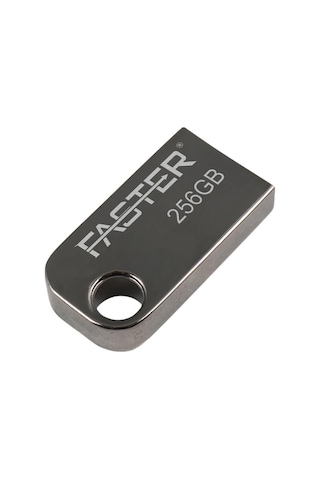 Faster 256 Gb Mimi Serisi Usb 3.0 Yüksek Hızlı Metal Flash Bellek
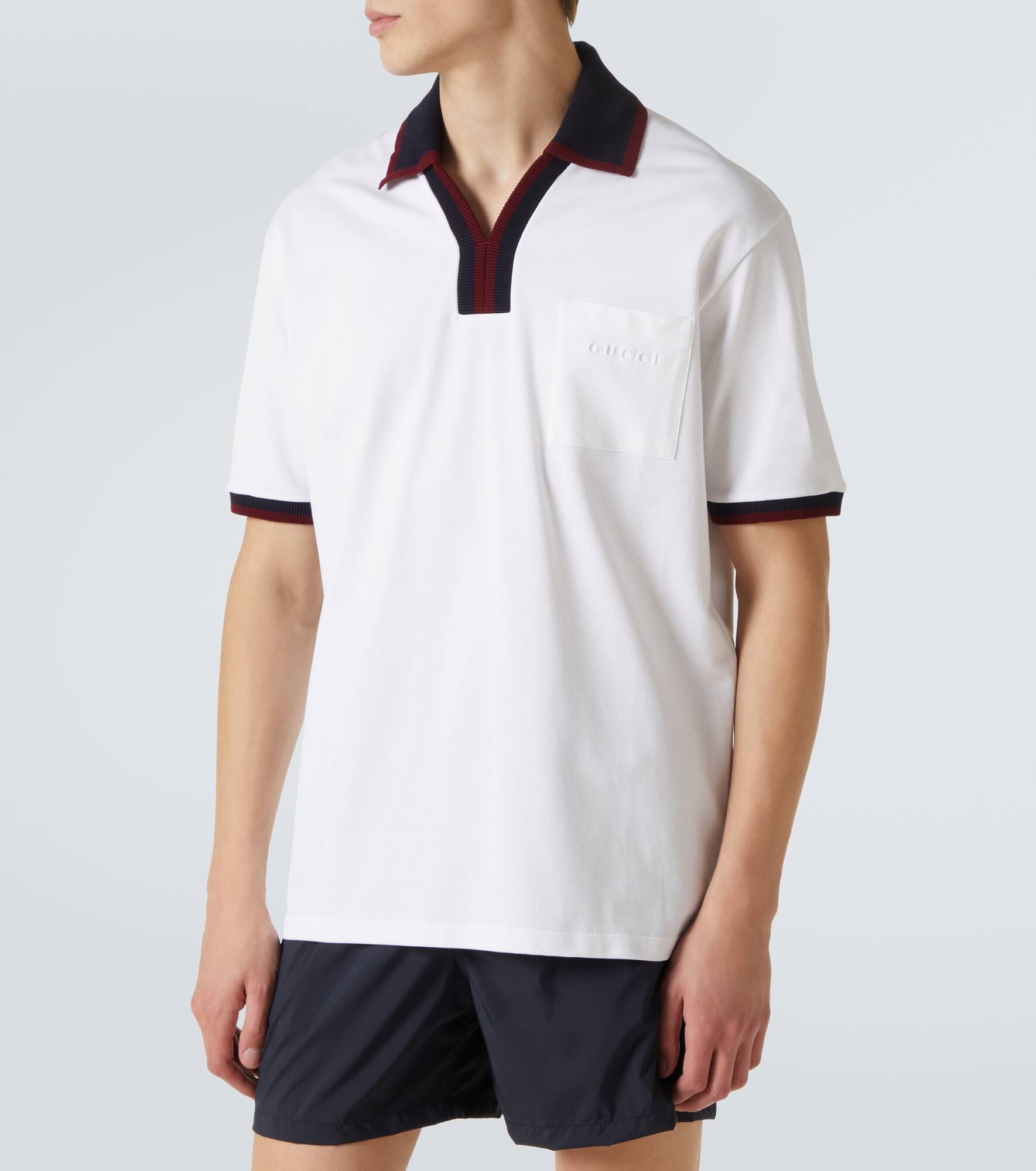 Cotton piqué polo shirt - 3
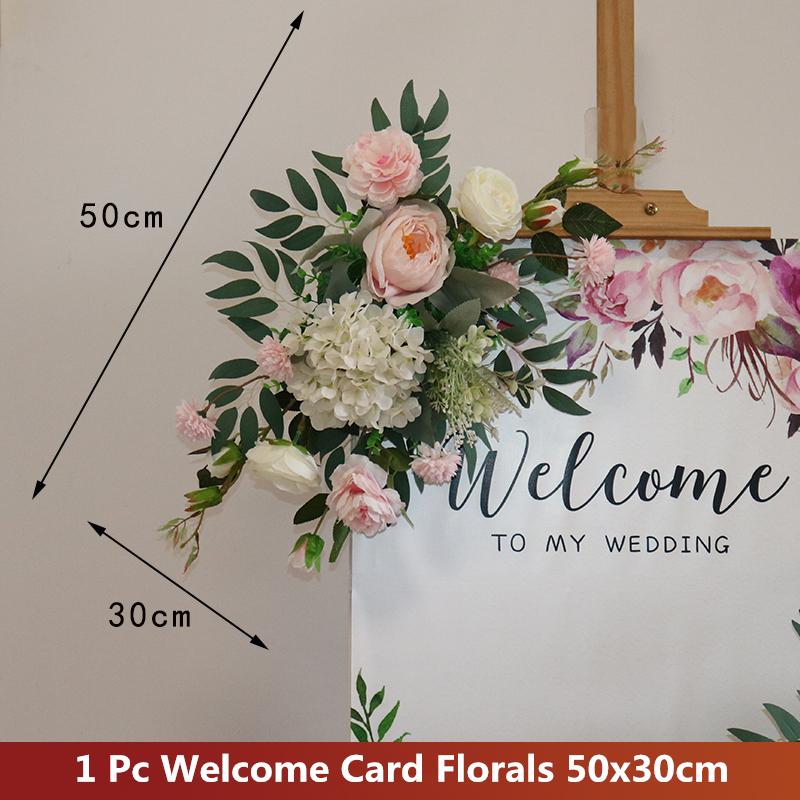 Креативный знак, угловой цветочный декор, свадебный цветочный реквизит, приветственная открытка, цветочная гирлянда, букет цветов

What to produce |
Print the full listing above again with exact wording and no images.

Solution below |
 Faster 256 Gb Mimi Serisi Usb 3.0 Yüksek Hızlı Metal Flash Bellek
 Cotton piqué polo shirt - 3
 Креативный знак, угловой цветочный декор, свадебный цветочный реквизит, приветственная открытка, цветочная гирлянда, букет цветов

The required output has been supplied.